Claire compréhension du domaine (suite)

Les yogis qui pratiquent conformément au Mahāsatipaṭṭhāna sutta pratiquent ardemment, attentivement et avec claire compréhension. Ils doivent donc dans un premier temps être attentifs à tous les objets présents, et dans un second temps les comprendre clairement. La troisième claire compréhension est celle du domaine (gocara sampajaññā). Gocara, c’est la pâture, et par extension, tout endroit où le moine se rend pour quêter sa nourriture, emmenant avec lui sa méditation.

Le premier type de moine emmène sa méditation au village mais ne la ramène pas au monastère.

Le second type de moine ne l’emmène pas au village mais la ramène ensuite avec lui. Selon le commentaire en effet, la caloricité ou le feu né du kamma est très forte chez certains et s’attaque aux éléments dérivés du corps (la nourriture) au moment de la digestion. Les bouddhistes croient que ces personnes ont une bonne digestion grâce aux bonnes actions accomplies dans le passé. Mais, lorsque l’estomac de ces personnes est vide, cette caloricité (ou ces sucs digestifs) s’attaque aux parois de l’estomac. Ce type de moine se lève donc le ventre vide, avec une grande chaleur dans l’estomac et de la transpiration, voire des tremblements dans tout le corps. Il ne parvient pas à méditer, accomplit à toute vitesse ses corvées au monastère, se rend au temple et puis au village pour quêter sa nourriture.  Il reçoit du gruau et se rend au réfectoire des moines du village. Après deux ou trois bouchées, les sucs cessent d’attaquer les parois de son estomac et s’attaquent à la nourriture. Apaisé, il peut commencer à pratiquer l’attention. Il lave ensuite son bol, s’assied, et médite. Selon le commentaire, beaucoup de moines de ce type ont atteint le stade d’arhat du temps du Buddha et il n’est pas un réfectoire monastique de village au Sri Lanka où un moine de ce type ne soit devenu arhat.

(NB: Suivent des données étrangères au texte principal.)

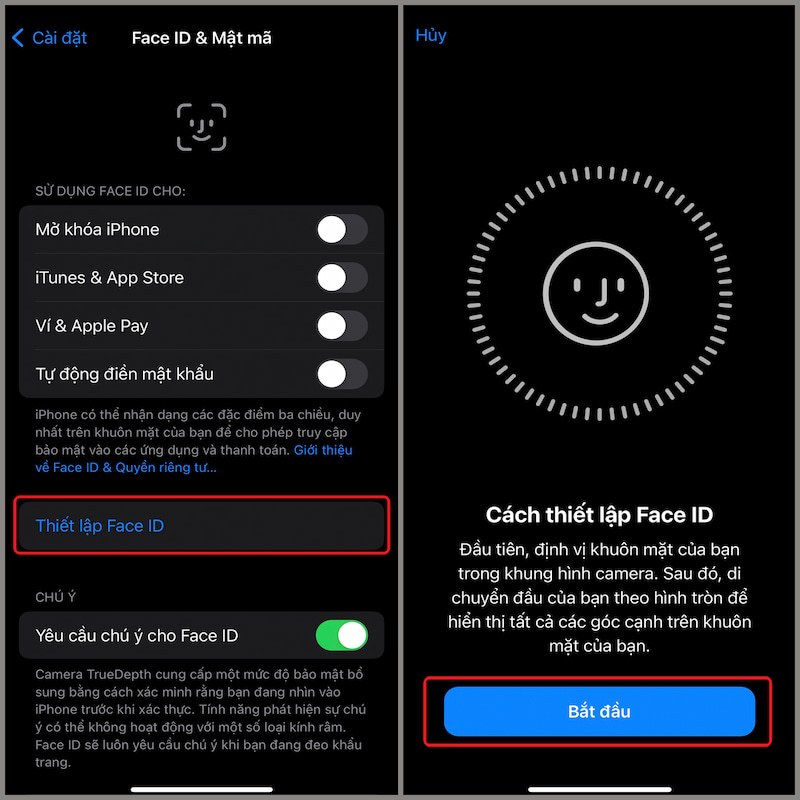 Thiết lập Face ID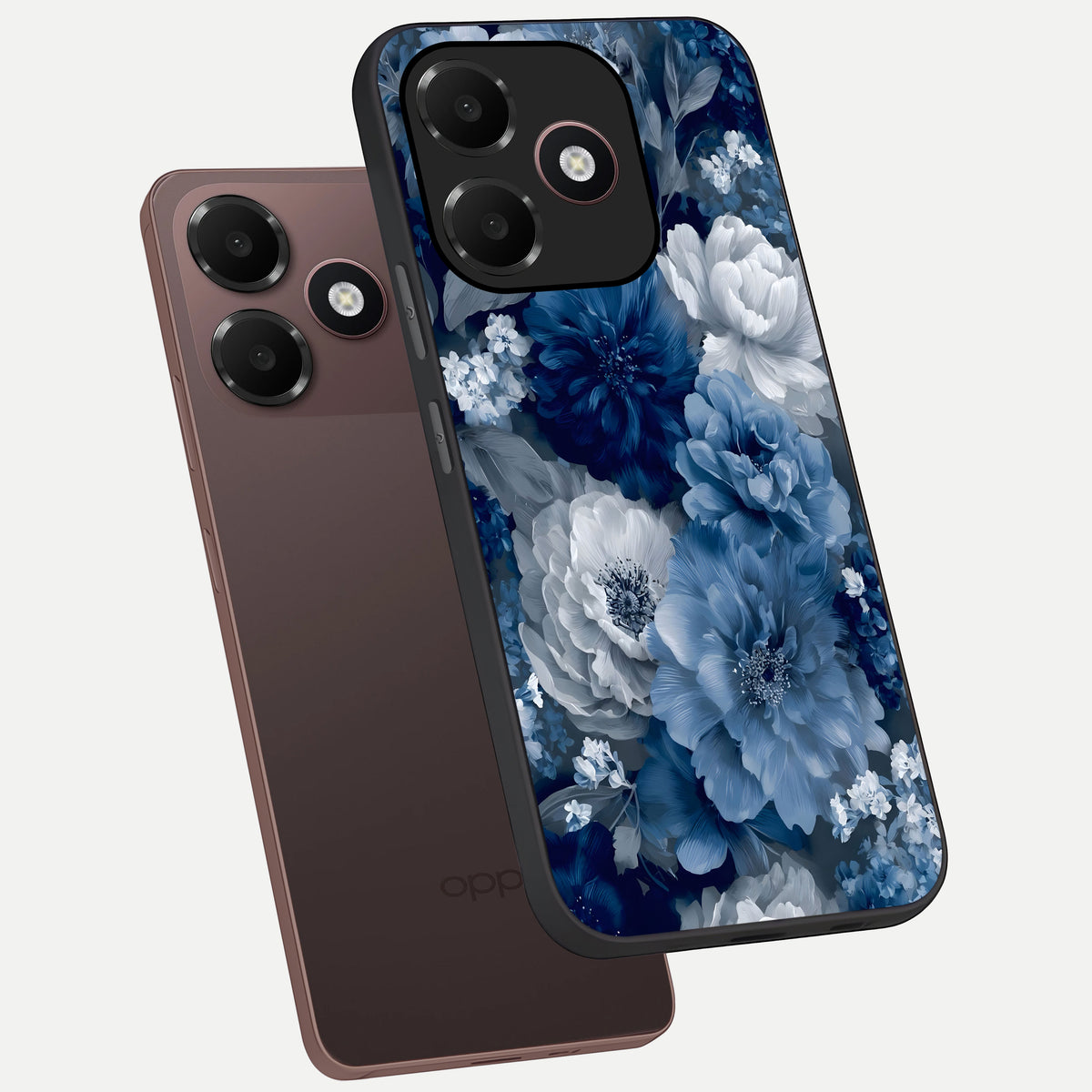  Royal Bloom Garden phone case For Oppo A6C 5G showing premium glass back cover with detailed artwork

Le troisième type de moine n’emmène sa méditation avec lui ni à l’aller, ni au retour. C’est un bon vivant qui vit dans l’insouciance, la négligence et l’indolence. Il s’est débarrassé du joug, a abandonné ses devoirs, y compris par rapport aux aînés et aux autres moines. Il est spirituellement figé par cinq liens ou épines de l’esprit : l’attachement aux objets sensuels, à son propre ego, aux autres, l’excès de nourriture et la paresse insouciante ou le désir de reprendre naissance dans le plan des devā. Quand il quête sa nourriture, il semble avoir perdu tout intérêt pour la méditation et ne même plus savoir ce que c’est. Il erre de ci, de là, en compagnie inappropriée et sort du village comme une personne vide. Cette attitude était honteuse du temps du Buddha comme aujourd’hui.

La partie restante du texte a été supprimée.